De-extinction technology may give life a second chance

By Bill Ferguson

fergcolumn@hotmail.com

    ORDER REPRINT →

March 02, 2017 09:00 PM

If you’re a fan of the “Jurassic Park” films like I am you might have felt a little chill run down your spine when you saw the headlines about some scientists claiming to be on the verge of bringing the long-extinct wooly mammoth back to life.
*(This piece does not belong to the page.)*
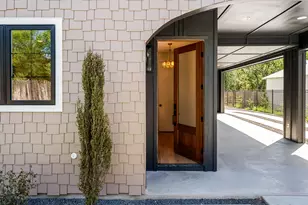 5607 Tura Ln, Austin, TX 78721 - Photo 2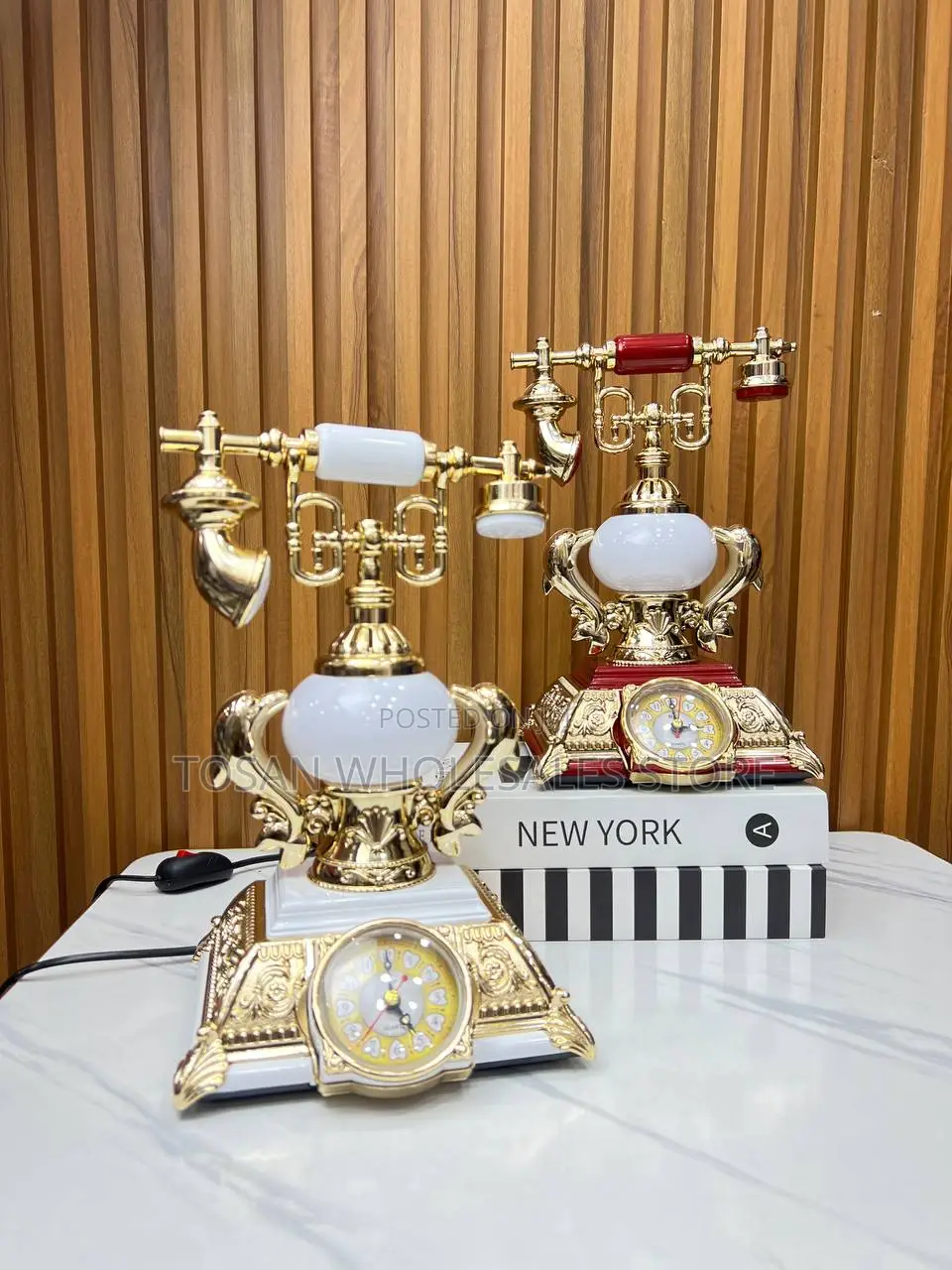 Vintage Telephone With Clock Light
In case you missed the story, paleo-biologists have been using well-preserved mammoth DNA that was found in frozen carcasses to try and modify the embryos of modern elephants to produce a hybrid creature that will possess many of the characteristics of the long-lost shaggy pachyderm.

This research has understandably been the subject of both excitement and concern in the scientific community and among less-educated laymen like myself. The prospect of reviving an extinct species brings to mind the warning of “Jurassic Park’s” Dr. Ian Malcolm when he said “you were so busy wondering if you could do it you never stopped to ask if you should.”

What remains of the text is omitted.